January 2009 Archives


You may have seen or heard the recent headlines, along the lines of "Women's Hands 'Germier' than Men's." The report behind the rather misleading news flash is more interesting.
University of Colorado professor Noah Fierer studies the ecology of bacteria, fungi, and related microbes in natural systems such as soil, water, and the atmosphere. Turning his survey techniques to the human body, he looked at the diversity of bacteria on the hands of 51 students--all healthy except for the interesting twist that they'd all just finished their final exams. (Sweatier palms than usual, perhaps?)
Fierer and his colleagues used a gene-sequencing technique to count the number of different types of bacteria on each subject's hands.
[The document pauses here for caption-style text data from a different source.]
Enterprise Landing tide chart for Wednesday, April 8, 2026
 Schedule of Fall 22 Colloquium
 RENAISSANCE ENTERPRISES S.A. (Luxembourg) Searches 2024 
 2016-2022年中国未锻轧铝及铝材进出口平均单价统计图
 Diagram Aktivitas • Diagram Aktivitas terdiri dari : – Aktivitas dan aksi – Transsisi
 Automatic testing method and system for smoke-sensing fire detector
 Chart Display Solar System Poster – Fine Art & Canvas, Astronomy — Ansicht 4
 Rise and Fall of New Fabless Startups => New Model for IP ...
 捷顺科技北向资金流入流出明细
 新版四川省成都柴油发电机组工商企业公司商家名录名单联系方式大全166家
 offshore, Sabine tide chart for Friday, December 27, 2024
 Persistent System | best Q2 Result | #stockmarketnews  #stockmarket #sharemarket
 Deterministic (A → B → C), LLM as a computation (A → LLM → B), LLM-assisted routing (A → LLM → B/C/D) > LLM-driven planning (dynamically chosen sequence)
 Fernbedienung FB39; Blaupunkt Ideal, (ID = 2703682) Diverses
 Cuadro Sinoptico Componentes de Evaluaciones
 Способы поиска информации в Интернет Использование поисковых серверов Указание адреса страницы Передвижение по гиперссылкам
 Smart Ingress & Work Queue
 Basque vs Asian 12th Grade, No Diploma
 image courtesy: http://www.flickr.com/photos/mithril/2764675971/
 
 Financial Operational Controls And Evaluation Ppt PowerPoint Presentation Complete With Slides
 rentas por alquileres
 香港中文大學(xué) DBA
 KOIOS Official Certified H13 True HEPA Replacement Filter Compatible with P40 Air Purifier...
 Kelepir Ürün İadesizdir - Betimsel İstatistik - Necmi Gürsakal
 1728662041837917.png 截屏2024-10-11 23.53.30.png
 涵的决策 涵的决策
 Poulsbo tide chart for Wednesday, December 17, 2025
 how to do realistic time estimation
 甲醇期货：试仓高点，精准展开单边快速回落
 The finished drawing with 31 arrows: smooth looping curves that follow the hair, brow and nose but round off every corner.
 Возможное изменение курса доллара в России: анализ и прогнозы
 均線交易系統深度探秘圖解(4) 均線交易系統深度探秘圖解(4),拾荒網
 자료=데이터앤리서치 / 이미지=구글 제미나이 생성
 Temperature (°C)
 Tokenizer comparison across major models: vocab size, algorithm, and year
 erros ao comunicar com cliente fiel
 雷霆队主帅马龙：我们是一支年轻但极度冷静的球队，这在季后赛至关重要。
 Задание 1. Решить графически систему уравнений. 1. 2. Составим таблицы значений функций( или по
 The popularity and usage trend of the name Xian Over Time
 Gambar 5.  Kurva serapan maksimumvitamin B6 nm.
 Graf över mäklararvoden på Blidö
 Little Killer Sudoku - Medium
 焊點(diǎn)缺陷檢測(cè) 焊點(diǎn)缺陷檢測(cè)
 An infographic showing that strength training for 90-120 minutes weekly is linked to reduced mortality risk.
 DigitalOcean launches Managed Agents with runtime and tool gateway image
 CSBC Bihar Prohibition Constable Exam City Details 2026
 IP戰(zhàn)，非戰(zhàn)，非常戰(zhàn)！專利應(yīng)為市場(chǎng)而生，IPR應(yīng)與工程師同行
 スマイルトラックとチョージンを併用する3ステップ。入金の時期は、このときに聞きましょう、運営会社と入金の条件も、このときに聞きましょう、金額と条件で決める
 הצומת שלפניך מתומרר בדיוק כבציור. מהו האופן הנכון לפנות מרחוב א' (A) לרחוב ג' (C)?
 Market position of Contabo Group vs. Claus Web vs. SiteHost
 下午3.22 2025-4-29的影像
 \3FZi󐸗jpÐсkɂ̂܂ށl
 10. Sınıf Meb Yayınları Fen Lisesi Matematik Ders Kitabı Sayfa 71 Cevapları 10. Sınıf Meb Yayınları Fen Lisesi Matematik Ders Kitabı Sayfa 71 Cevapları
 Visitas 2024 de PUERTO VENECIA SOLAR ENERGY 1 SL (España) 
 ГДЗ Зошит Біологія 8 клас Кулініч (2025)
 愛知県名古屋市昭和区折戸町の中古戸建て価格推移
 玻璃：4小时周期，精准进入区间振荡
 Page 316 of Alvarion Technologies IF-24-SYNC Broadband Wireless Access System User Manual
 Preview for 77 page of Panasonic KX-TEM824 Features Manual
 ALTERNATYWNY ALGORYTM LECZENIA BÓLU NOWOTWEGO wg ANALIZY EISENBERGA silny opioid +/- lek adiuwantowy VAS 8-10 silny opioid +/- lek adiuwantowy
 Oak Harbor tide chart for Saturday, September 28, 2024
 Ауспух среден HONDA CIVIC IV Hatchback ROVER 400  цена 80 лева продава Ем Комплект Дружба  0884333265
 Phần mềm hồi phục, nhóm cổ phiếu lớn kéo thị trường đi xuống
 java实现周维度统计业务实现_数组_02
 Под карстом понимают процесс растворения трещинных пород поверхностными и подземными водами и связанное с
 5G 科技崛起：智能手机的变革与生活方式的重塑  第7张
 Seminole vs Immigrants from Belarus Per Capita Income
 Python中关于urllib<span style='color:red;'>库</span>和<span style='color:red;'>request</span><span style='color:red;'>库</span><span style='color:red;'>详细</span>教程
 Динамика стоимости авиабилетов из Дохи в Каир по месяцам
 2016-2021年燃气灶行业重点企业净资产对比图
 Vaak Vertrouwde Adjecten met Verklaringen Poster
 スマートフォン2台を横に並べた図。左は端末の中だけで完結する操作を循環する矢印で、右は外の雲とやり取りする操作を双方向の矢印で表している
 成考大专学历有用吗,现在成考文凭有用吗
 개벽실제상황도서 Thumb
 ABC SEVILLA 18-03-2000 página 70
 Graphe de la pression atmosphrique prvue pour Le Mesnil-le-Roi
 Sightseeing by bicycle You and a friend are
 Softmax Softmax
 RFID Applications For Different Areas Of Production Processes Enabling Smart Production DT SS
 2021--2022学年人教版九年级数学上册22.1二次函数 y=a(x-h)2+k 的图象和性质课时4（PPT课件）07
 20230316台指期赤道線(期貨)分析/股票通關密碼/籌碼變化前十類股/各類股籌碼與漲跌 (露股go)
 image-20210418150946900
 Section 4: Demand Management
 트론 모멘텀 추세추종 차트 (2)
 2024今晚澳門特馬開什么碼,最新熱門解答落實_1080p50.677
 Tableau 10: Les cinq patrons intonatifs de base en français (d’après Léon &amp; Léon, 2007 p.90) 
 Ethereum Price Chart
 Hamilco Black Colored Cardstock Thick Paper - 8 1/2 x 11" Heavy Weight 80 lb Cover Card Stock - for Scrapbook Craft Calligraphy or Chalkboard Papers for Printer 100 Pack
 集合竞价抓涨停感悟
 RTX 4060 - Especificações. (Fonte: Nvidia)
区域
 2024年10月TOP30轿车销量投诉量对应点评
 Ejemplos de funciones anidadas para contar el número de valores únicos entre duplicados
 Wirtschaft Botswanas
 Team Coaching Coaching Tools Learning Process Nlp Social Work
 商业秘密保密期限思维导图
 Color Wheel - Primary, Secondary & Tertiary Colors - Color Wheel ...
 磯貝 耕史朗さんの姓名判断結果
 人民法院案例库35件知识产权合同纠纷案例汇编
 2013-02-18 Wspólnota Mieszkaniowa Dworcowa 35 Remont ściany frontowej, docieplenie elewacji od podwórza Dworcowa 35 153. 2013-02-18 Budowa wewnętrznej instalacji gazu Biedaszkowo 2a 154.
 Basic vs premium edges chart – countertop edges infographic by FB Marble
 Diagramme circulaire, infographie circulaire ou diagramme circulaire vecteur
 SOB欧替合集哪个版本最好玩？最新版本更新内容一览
They tallied an impressive 4,742 types.
The quirky news headlines jumped out of the unexpected finding that the hands of female students harbored a greater diversity (but not necessarily more germs, per se) than did the guys'.
Just as interesting, perhaps, was the finding that while everyone seemed to share a core group of common skin bacteria, these common species made up just 13 percent of the total diversity. In fact, over 80 percent of the microbial species found on a person's left hand were different from those found on the right.
All this seems to suggest that most of the bacteria on our hands are fleeting transients. We pick them up as we touch objects, surfaces, and other body parts.
That said, the researchers found that hand washing--while a good idea when you're around others who might be ill--did little to change the diversity of the a palm's rainforest-rich ecosystem.